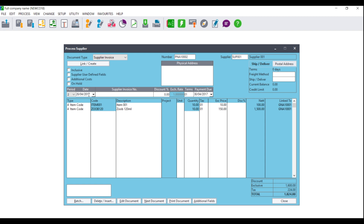When you get to the supplier invoice, a supplier invoice number cannot be blank — this is the invoice number on the document that the supplier has given you. You will fill in this invoice number accordingly and then you can make changes to your document. Please note that the quantity will be grayed out as it is now linked to the Goods Received Note. However, if the price has changed, you can change it accordingly.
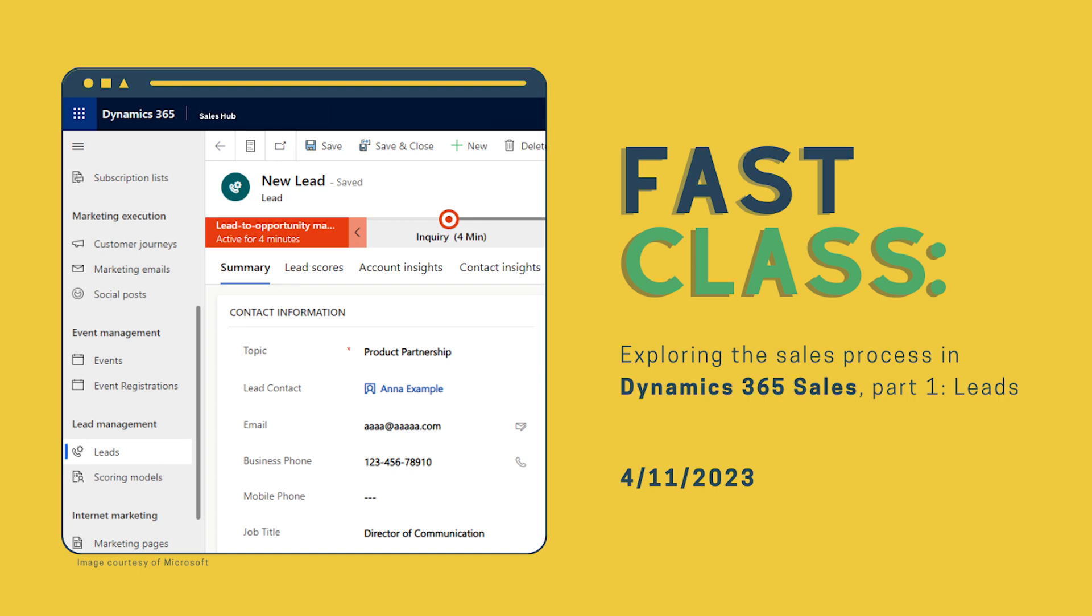Thanks for joining us for another FAST class. I'm Jessica, a technical consultant at Savantis. Today, we'll be covering one of the fundamental features of Dynamics 365 sales: tracking, managing, and qualifying leads.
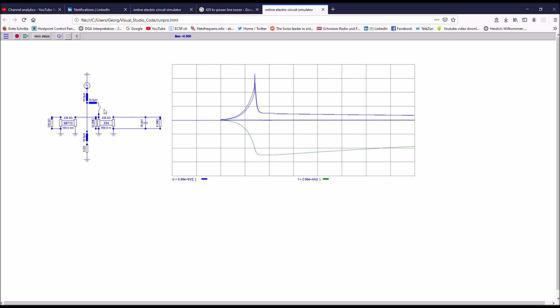The lightning stroke is assumed to happen at the tower 500 meters away from a substation, which is represented by a capacitor summing the bushing capacitances. With a 50 kiloamp stroke, the voltage at the tip of the tower amounts to around 1.6 megavolts. At the line insulator, the residual voltage is around 1.3 megavolts.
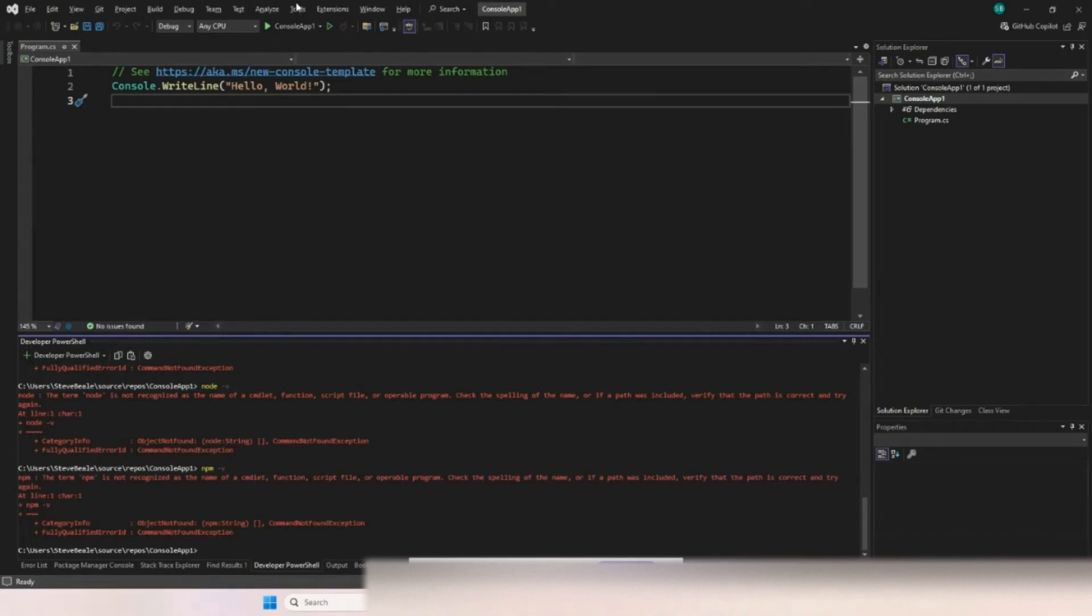Okay, hey everyone. Suppose you are trying, you're getting the same error as me, right? Term node is not recognized in a command prompt when you're trying to install something on NPM.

**Problem description**
Repeat the exact lines from the first line of the data through the line containing "The lightning stroke". Nothing else, no pictures.

**Result below**
When you get to the supplier invoice, a supplier invoice number cannot be blank — this is the invoice number on the document that the supplier has given you. You will fill in this invoice number accordingly and then you can make changes to your document. Please note that the quantity will be grayed out as it is now linked to the Goods Received Note. However, if the price has changed, you can change it accordingly.
Thanks for joining us for another FAST class. I'm Jessica, a technical consultant at Savantis. Today, we'll be covering one of the fundamental features of Dynamics 365 sales: tracking, managing, and qualifying leads.
The lightning stroke is assumed to happen at the tower 500 meters away from a substation, which is represented by a capacitor summing the bushing capacitances. With a 50 kiloamp stroke, the voltage at the tip of the tower amounts to around 1.6 megavolts. At the line insulator, the residual voltage is around 1.3 megavolts.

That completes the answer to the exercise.